Selbst ein kleiner Sieg Russlands wäre fatal
Entsprechend versucht das ukrainische Oberkommando seit mehreren Tagen, in der Sinnfrage die Deutungshoheit zurückzugewinnen. Zuerst verteidigte Präsident Wolodimir Selenski in einem CNN-Interview den Verbleib in Bachmut: Der Fall der Stadt würde den Russen den Weg zur Eroberung weiterer Ortschaften im Donbass freimachen. Zudem drohe selbst ein kleiner Sieg die Gesellschaft in Russland zu mobilisieren und das Vertrauen in die russische Armee zu stärken.
Dann besuchte der ukrainische Heereschef Oleksandr Sirski mehrfach die belagerte Stadt, um den eigenen Truppen Mut zuzusprechen. Als weitere öffentlichkeitswirksame Massnahme beziffert seit wenigen Tagen die ukrainische Armee die russischen Verluste in Bachmut in einer täglichen Bilanz, was sie bisher für einen einzelnen Frontabschnitt noch nie getan hat. Über die eigenen Verluste herrscht dagegen weiterhin Stillschweigen.
Am Sonntagabend betonte Selenski die hohe Opferzahl, welche die heldenhafte Verteidigung Bachmuts den Russen abverlange. Alleine seit dem 6. März hätten die Russen dort 1100 Tote zu beklagen. Hinzu kämen 1500 Verwundete, die dauerhaft nicht mehr kampffähig seien. «Ich bedanke mich bei allen, die wirklich um ukrainisches Land kämpfen, um Bachmut!», sagte Selenski in seiner Ansprache.

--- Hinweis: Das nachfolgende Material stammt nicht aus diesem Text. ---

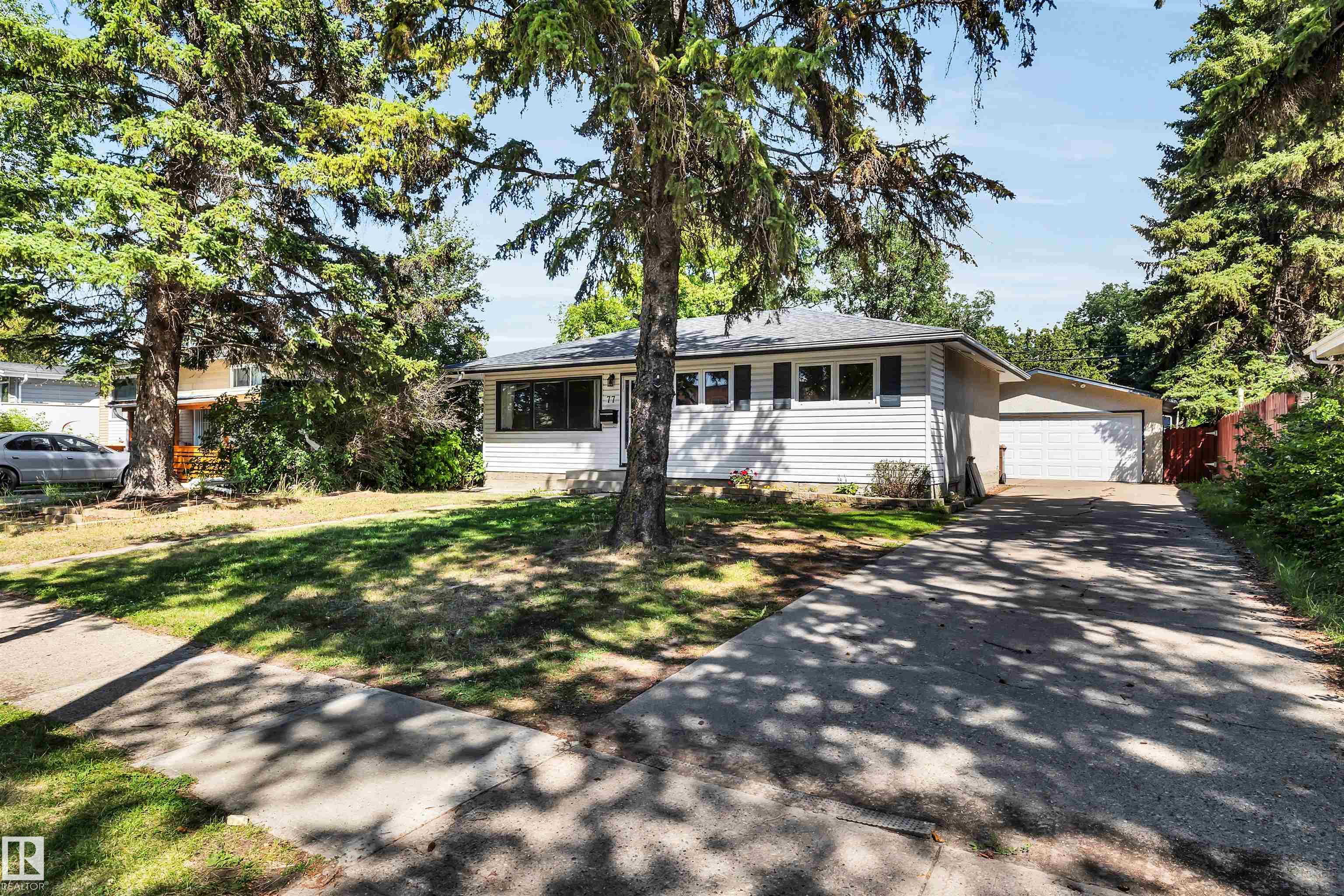 77 Grosvenor Boulevard, St. Albert, Alberta, T8N 0X8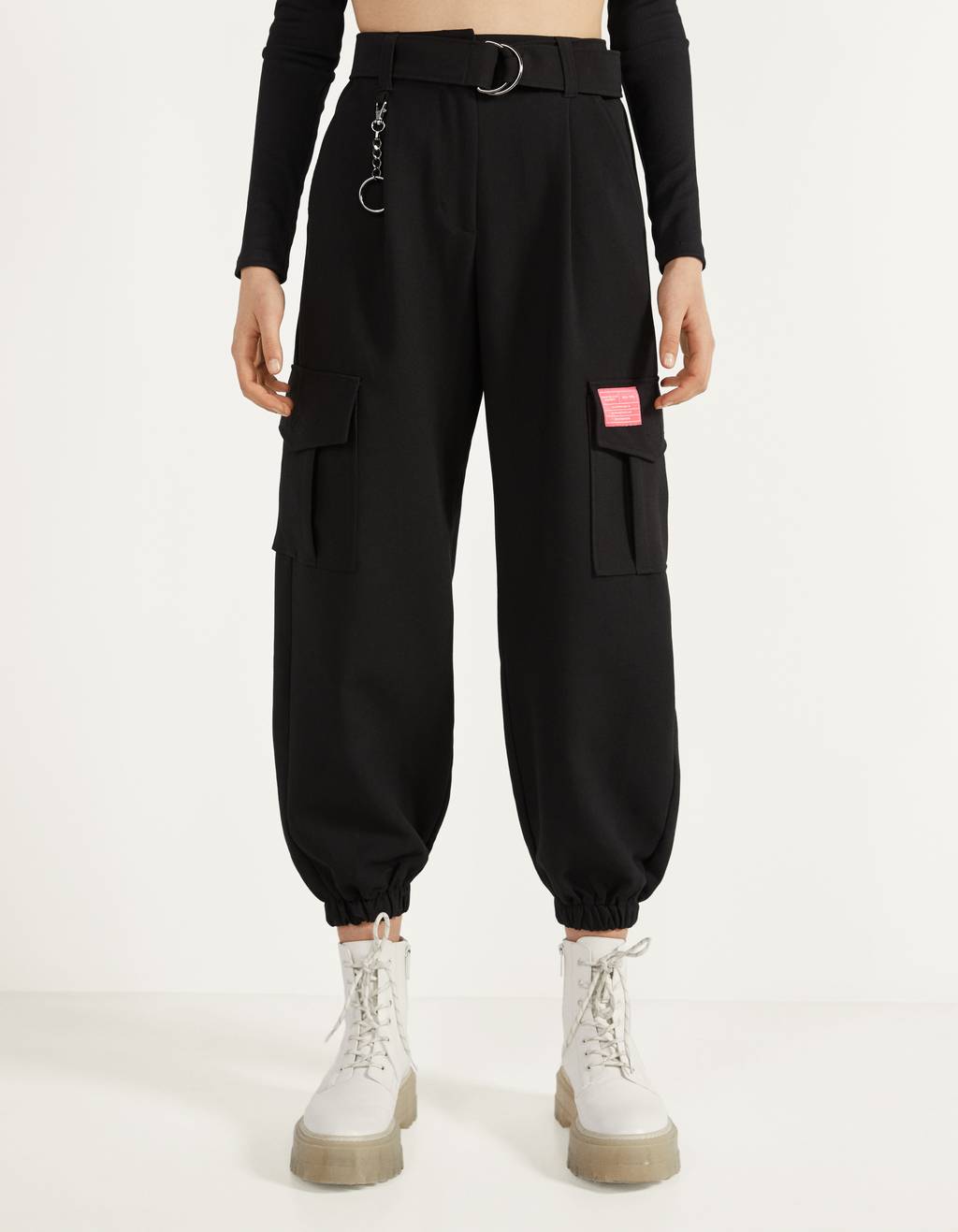 calças cargo bershka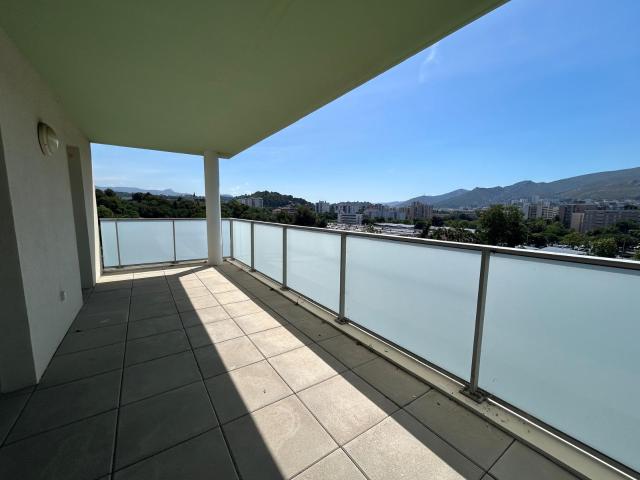T2 45 m2, terrasse, box fermé
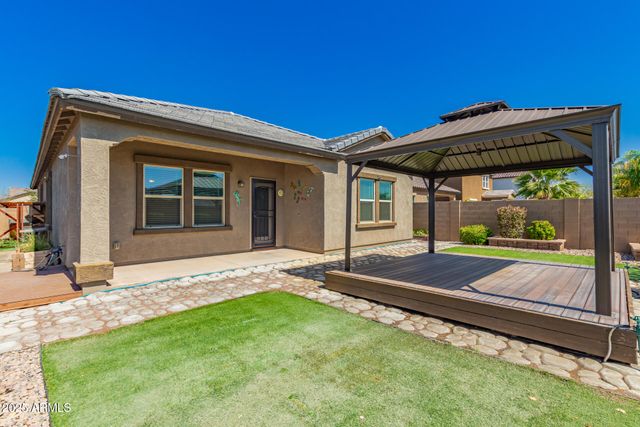 303 W Mammoth Cave Drive, San Tan Valley, AZ 85140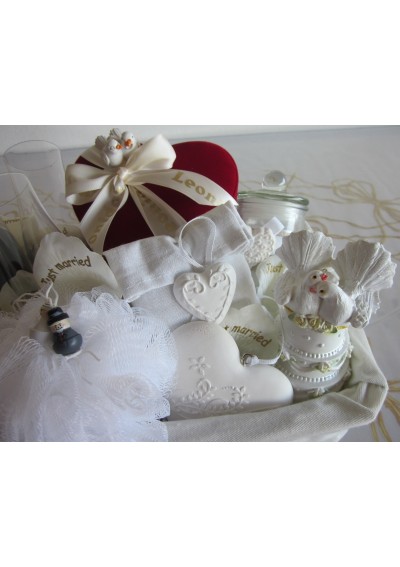 champagne wedding gift basket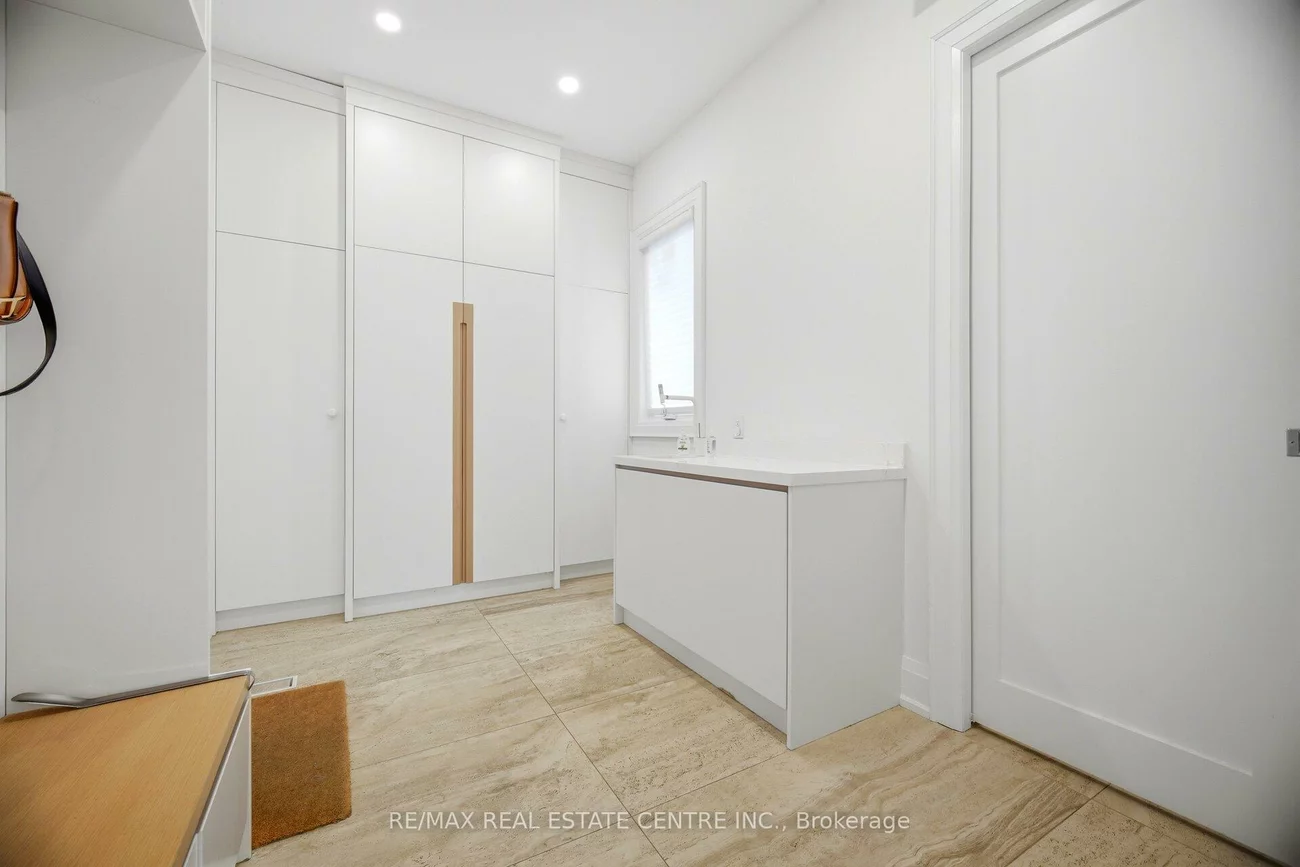 2450, Rebecca, 1001 - BR Bronte, Oakville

Ist im Kreise internationaler Militärexperten die ukrainische Bachmutstrategie heiss umstritten, hat sie jüngst einen prominenten Fürsprecher erhalten. Der frühere US-Oberbefehlshaber im Irak und CIA-Chef David Petraeus sagt, dass Selenski «gar keine andere Wahl hat, als seine Kämpfer zu bitten, Bachmut zu halten».
Denn im «Fleischwolf» von Bachmut gehe es nicht nur um die zahlenmässige Höhe der russischen Verluste, sondern auch um deren Qualität, stellt der Ex-General in der Zeitschrift «Politico» fest: Da dort neben den Wagner-Söldnern vor allem Eliteverbände der Luftlandetruppen eingesetzt werden, schwäche deren Dezimierung die russische Armee ganz besonders.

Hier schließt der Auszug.